EXERCISE REQUIREMENTS: Within the entries below, the lines from the one with "American Eagle Elbow" through the one with "Jack Dempsey Needle" are to be set down exactly, both ends kept.

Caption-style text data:
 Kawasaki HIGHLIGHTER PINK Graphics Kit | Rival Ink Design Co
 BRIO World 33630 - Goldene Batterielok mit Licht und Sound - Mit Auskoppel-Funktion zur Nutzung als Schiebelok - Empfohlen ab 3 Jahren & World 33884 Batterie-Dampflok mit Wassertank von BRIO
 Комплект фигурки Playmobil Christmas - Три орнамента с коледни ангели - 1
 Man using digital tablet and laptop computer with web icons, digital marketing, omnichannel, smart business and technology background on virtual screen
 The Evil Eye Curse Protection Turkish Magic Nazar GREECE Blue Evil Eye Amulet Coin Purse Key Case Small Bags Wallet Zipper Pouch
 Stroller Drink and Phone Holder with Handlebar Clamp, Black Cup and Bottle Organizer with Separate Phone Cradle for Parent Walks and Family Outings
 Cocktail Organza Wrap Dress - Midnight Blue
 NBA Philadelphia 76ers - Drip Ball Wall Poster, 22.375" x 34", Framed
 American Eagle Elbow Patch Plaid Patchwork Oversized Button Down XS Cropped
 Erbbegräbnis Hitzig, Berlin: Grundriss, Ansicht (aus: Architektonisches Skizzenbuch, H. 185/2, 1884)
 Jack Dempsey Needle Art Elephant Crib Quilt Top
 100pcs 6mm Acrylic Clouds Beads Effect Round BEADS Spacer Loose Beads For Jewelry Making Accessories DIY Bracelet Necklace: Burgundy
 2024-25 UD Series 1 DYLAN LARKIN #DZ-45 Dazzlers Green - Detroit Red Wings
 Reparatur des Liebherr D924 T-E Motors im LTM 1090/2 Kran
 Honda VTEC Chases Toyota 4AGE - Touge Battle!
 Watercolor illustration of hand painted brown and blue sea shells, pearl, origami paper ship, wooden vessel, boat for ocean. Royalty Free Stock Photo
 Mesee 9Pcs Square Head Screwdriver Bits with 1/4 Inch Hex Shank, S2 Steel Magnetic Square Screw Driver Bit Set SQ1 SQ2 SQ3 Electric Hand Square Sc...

EXERCISE RESULT:
 American Eagle Elbow Patch Plaid Patchwork Oversized Button Down XS Cropped
 Erbbegräbnis Hitzig, Berlin: Grundriss, Ansicht (aus: Architektonisches Skizzenbuch, H. 185/2, 1884)
 Jack Dempsey Needle Art Elephant Crib Quilt Top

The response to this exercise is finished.